Technically it is sure possible to split a list and then start threads that runs your List in parallel. You can also implement everything yourself, as you already have done, but this isn't a good approach. At first splitting a List into chunks that gets processed in parallel is already what Parallel.For or Parallel.ForEach does. There is no need to re-implement everything yourself.

Now, you constantly ask if something can run 300 or 500 notifications in parallel. But actually this is not a good question because you completly miss the point of running something in parallel.

So, let me explain you why that question is not good. At first, you should ask yourself why do you want to run something in parallel? The answer to that is, you want that something runs faster by using multiple CPU-cores.

Now your simple idea is probably that spawning 300 or 500 threads is faster, because you have more threads and it runs more things "in parallel". But that is not exactly the case.

At first, creating a thread is not "free". Every thread you create has some overhead, it takes some CPU-time to create a thread, and also it needs some memory. On top of that, if you create 300 threads it doesn't mean 300 threads run in parallel. If you have for example an 8 core CPU only 8 threads really can run in parallel. Creating more threads can even hurt your performance. Because now your program needs to switch constanlty between threads, that also cost CPU-performance.

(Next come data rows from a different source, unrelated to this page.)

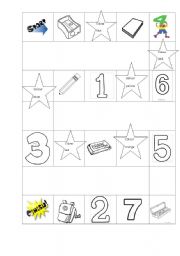 English Worksheet: numbers,colours and school objects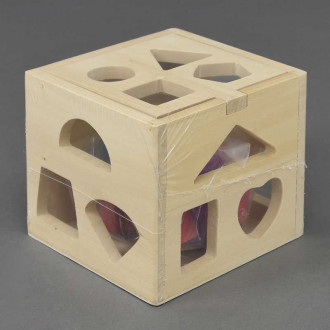 Деревянный куб-сортер 0541 (60) геометрические фигуры, в коробке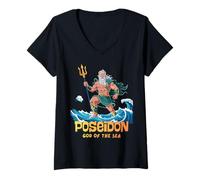Donna Greco Dio Poseidone Dio del Mare Souvenir Grecia Bambino Bambino Maglietta con Collo a V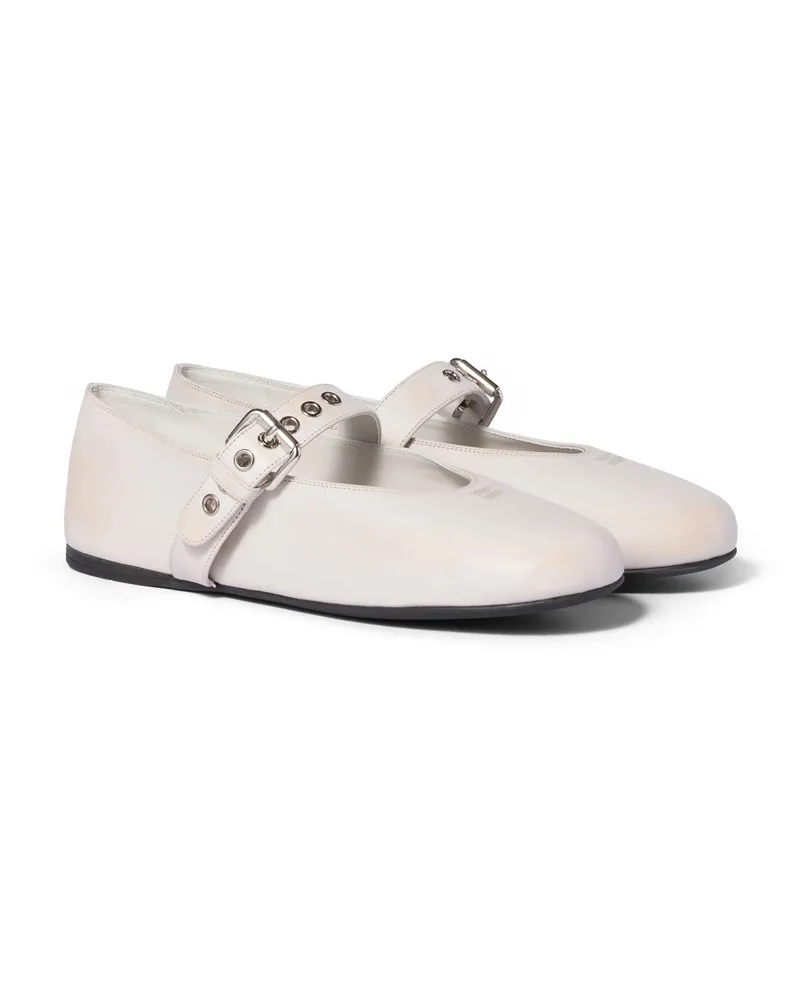 Miu Miu Ballerinas Aus Nappa-leder, Damen, Kalkweiss, Größe Kalkweiss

The result of all that is. If you have something lightweight some small code that don't do a lot of computation it ends that creating a lot of threads will slow down your application instead of running faster, because the managing of your threads creates more overhead than running it on (for example) 8 cpu-cores.

That means, if you have a list of 30,000 of somewhat. It usally end that it is faster to just split your list in 8 chunks and work through your list in 8 threads as creating 300 Threads.

Your goal should never be: Can it run xxx things in parallel? The question should be like: How many threads do i need, and how much items should every thread process to get my work as fastest done.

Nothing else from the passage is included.